Absolutely: when it comes to sleep, duration is the only thing you can really impact. It’s not the only thing worth measuring but it’s the thing you can personally change


The iPadification of macOS: What Does it Mean for Developers of Productivity Software? – The Sweet Setup

Some really good points about the implications of Apple’s current direction with macOS and iPadOS on pricing models for software.


What’s really behind “tech” versus “journalism” | Revue

But what if you take the whole discussion of “tech versus journalism” and reframe it as “managers versus employees”? Then, I think, you get closer to the truth of what’s going on.

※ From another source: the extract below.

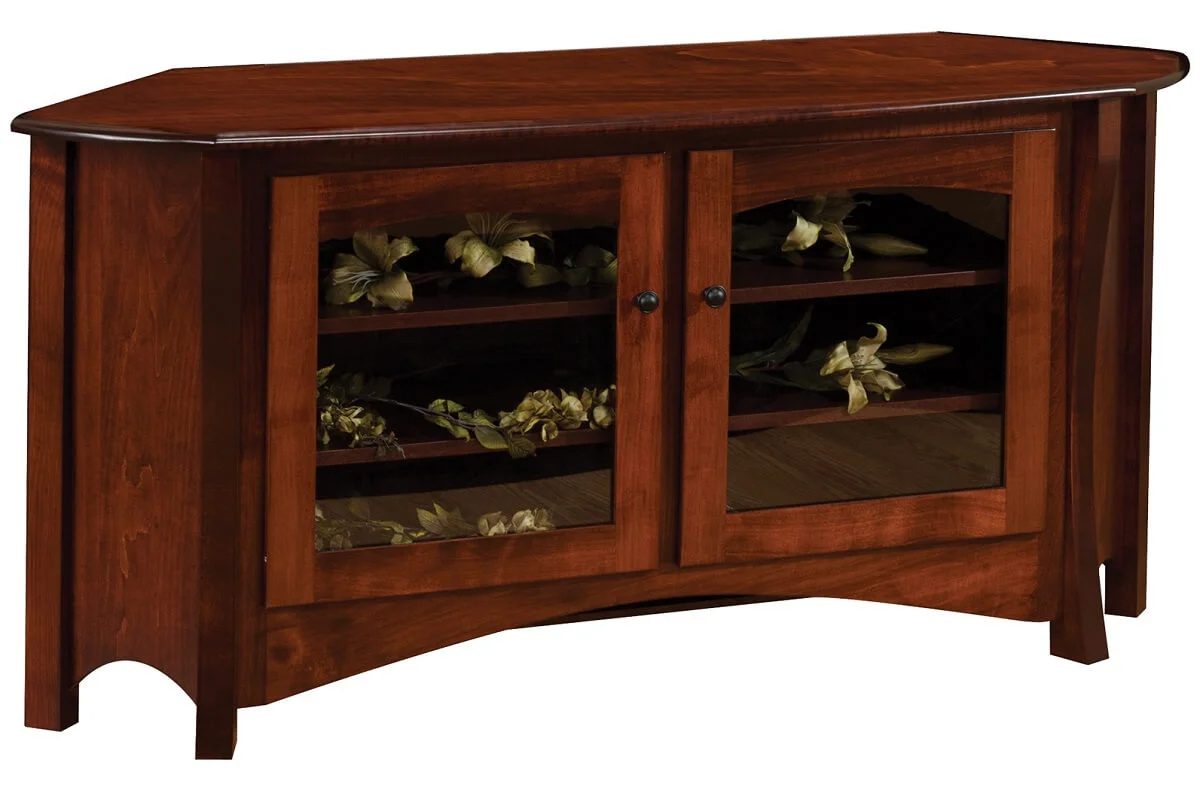 Amish Made Corner TV Console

What it comes down to is simple: powerful people do not like scrutiny, they do not like criticism, and they do not like being exposed for their terrible opinions and practices.


Francois: ‘If called upon I will form a military junta’ – The Daily Blether

Your weekly reminder that the Brexiteers are a bunch of liars and hypocrites. In this case, Mark Francois, a former TA officer who seems to regard himself as the best of the best of the best, claiming that if Brexit didn’t happen last October he would form a military junta. Reader, Brexit did not happen on 31 October, and mark did not man the barricades.


How Prosperity Transformed the Falklands | The New Yorker

The Falkland Islands were now among the richest places on earth—with an income, per capita, comparable to those of Norway and Qatar. Despite its spending, the government had also put aside several years’ income for a rainy day: it had no debt at all.

The story of the Falkland Islands is utterly fascinating. From a sheep farming station to a level of prosperity it hasn’t seen before.


Gender Spectrum: A Scientist Explains Gender Isn’t Binary

For all too long, the government, the medical system, and even our parents have assumed that sex (and gender) are binary. Based on science, this is not biologically or medically accurate. What is true is that sex characteristics tend to be bimodal, meaning there are clusters of characteristics that tend to be associated with people that we call “female” or “male.”